One year into Russia’s naked aggression against Ukraine, it has become clear that neither side is strong enough to win the war nor weak enough to sue for peace. The conflict has settled into a stalemate. After making impressive gains, Ukraine’s armed forces have not made significant advances in months. Russia meanwhile has dug into the territories it occupies, and its further attacks are having little success so far.

Fareed Zakaria

The numbers tell the story. According to a Washington Post analysis, Russia occupied about 7% of Ukrainian territory when it launched its invasion in February 2022. It swept into eastern Ukraine, and in a month it was holding 22% of the country. Then came Ukrainian counter-offensives, which by mid-November had taken back about a third of those gains. In the last three months, nothing significant has changed. Ukraine and Russia are both planning new moves, but it would take massive victories to fundamentally change the situation.
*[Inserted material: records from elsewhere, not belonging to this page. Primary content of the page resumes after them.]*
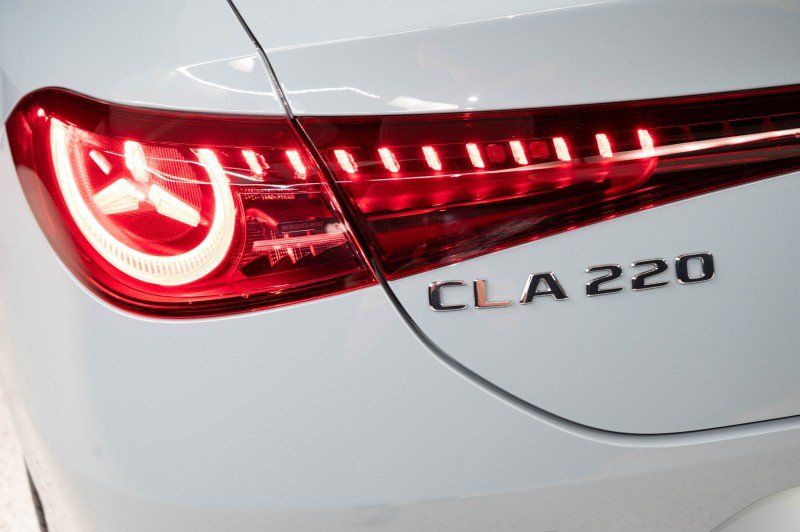 New 2027 Mercedes-Benz CLA 220 image 9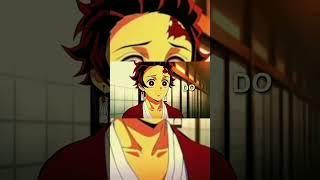 Look What Mitsuri Say Tanjiro  #anime #demonslayer #amv #shorts #music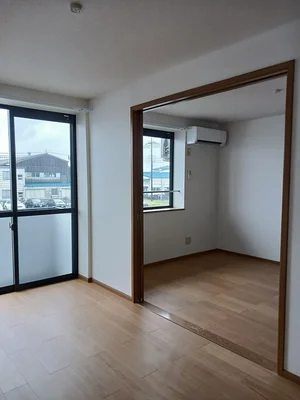 のマンスリーマンション・ウィークリーマンション「ハイツロードサイド 202・洋室(No.1266199)」メイン画像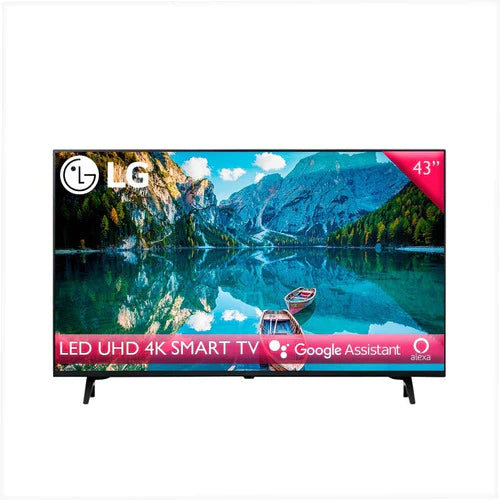 Smart Tv LG 43 Led 4k 60hz Full Web Uhd Alexa 43uq8000aub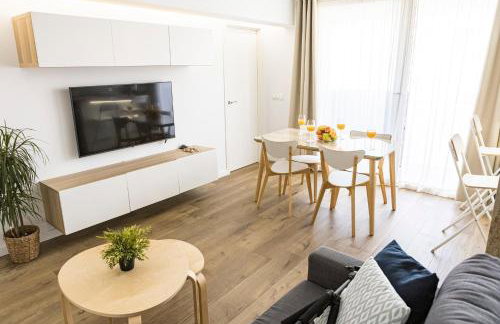 Málaga Beach Apartment - Foto 9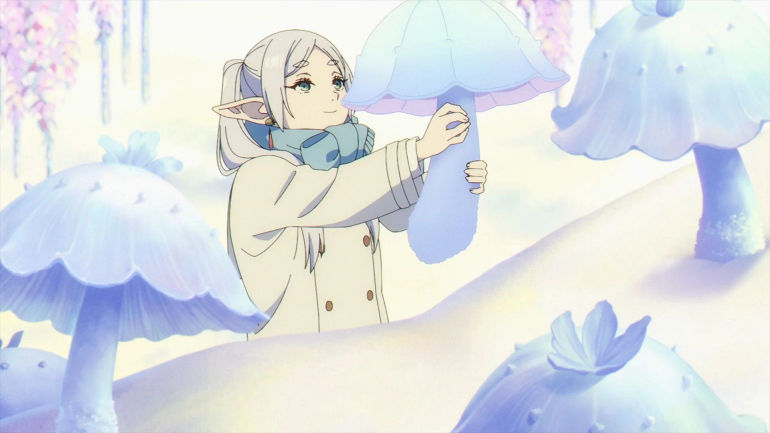 Frieren: Embarking on Aüberst as Sein and the Elfen Mage's Paths Diverge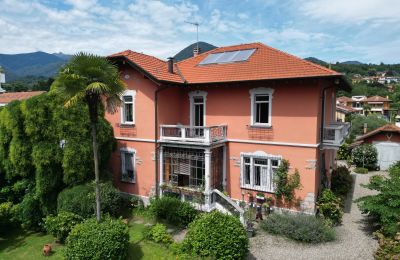 Mansión histórica en venta Verbania, CORSO CAIROLI, Piamonte, Imagen 47/50
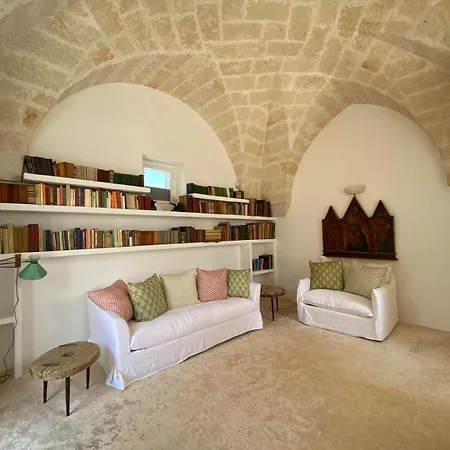Villa Trulli Della Chiesetta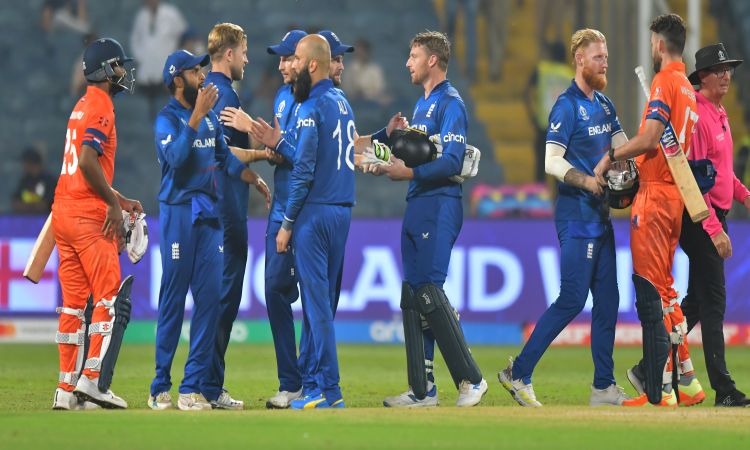 Men's ODI World Cup: A complete performance sees England return to winning ways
To put it another way, Ukraine would need to recover roughly twice as much territory as it was able to last year, just to get back the lands conquered since the 2022 invasion.

Russia’s performance in the war has been poor, but it is doing better, especially at holding territory. Russia has also been able to stabilize its economy, which the IMF projects will do better this year than the UK’s or Germany’s. Russia is trading freely with such economic behemoths as China, and India, as well as neighbors like Turkey and Iran. Because of these countries and many more, outside of the advanced technology sector, it has access to all the goods and capital it lost through the Western boycott. There is now a huge world economy that does not include the West, and Russia can swim in those waters freely. The long-term costs of the war and the effects of the sanctions are real but slow. This kind of isolation and pain rarely changes a dictatorship’s policies – look at North Korea, Iran, Cuba and Venezuela.